Work required>
For every record below, repeat the text exactly and pass over any image.
[Opening Input records section]
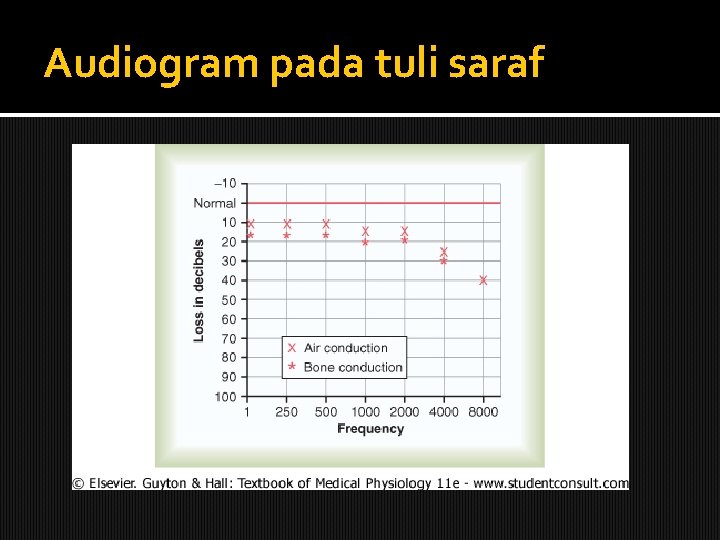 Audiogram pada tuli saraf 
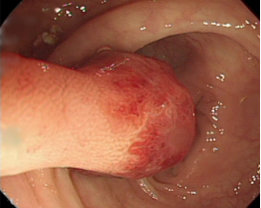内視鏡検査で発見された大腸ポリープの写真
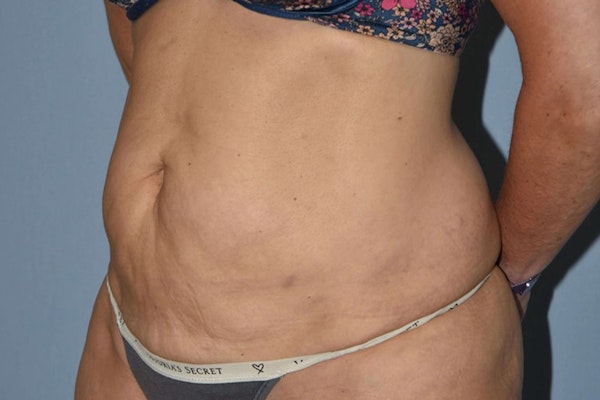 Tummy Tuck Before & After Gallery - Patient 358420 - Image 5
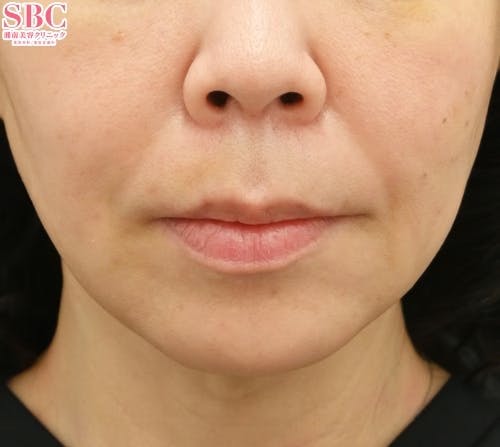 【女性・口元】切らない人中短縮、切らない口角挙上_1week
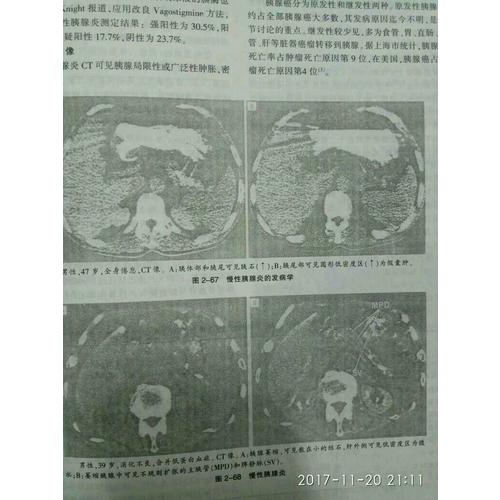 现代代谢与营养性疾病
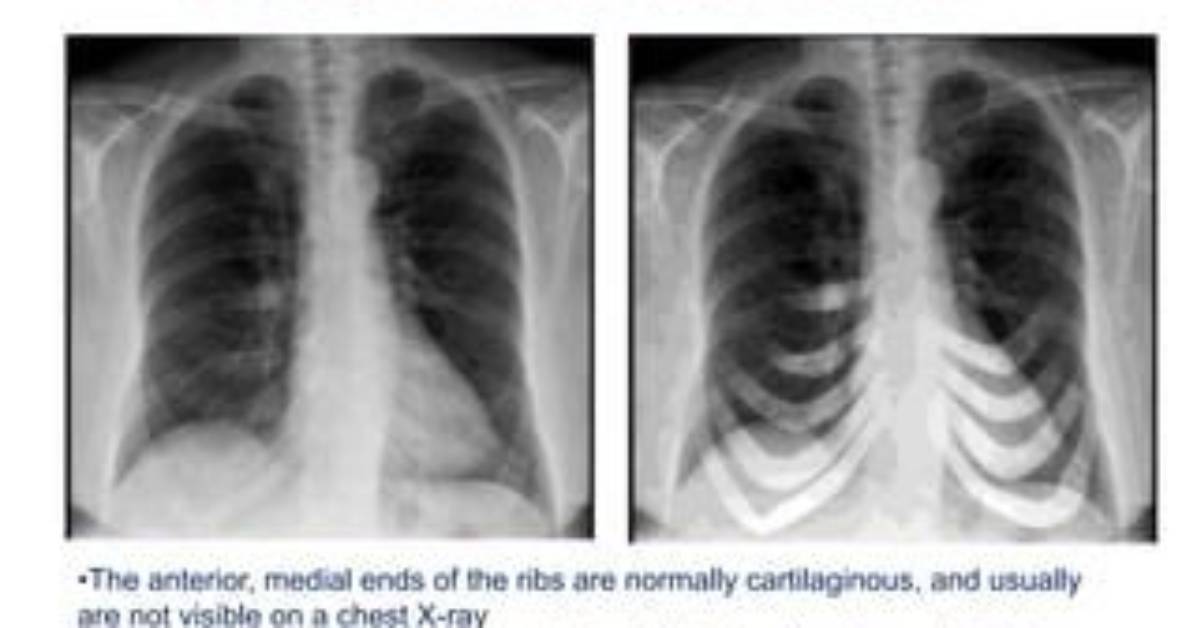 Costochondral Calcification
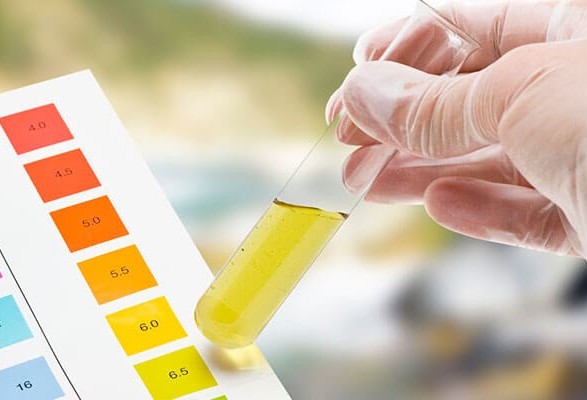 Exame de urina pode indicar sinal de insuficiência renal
[Closing Input records section]
Solution to the exercise>
 Audiogram pada tuli saraf 
内視鏡検査で発見された大腸ポリープの写真
 Tummy Tuck Before & After Gallery - Patient 358420 - Image 5
 【女性・口元】切らない人中短縮、切らない口角挙上_1week
 现代代谢与营养性疾病
 Costochondral Calcification
 Exame de urina pode indicar sinal de insuficiência renal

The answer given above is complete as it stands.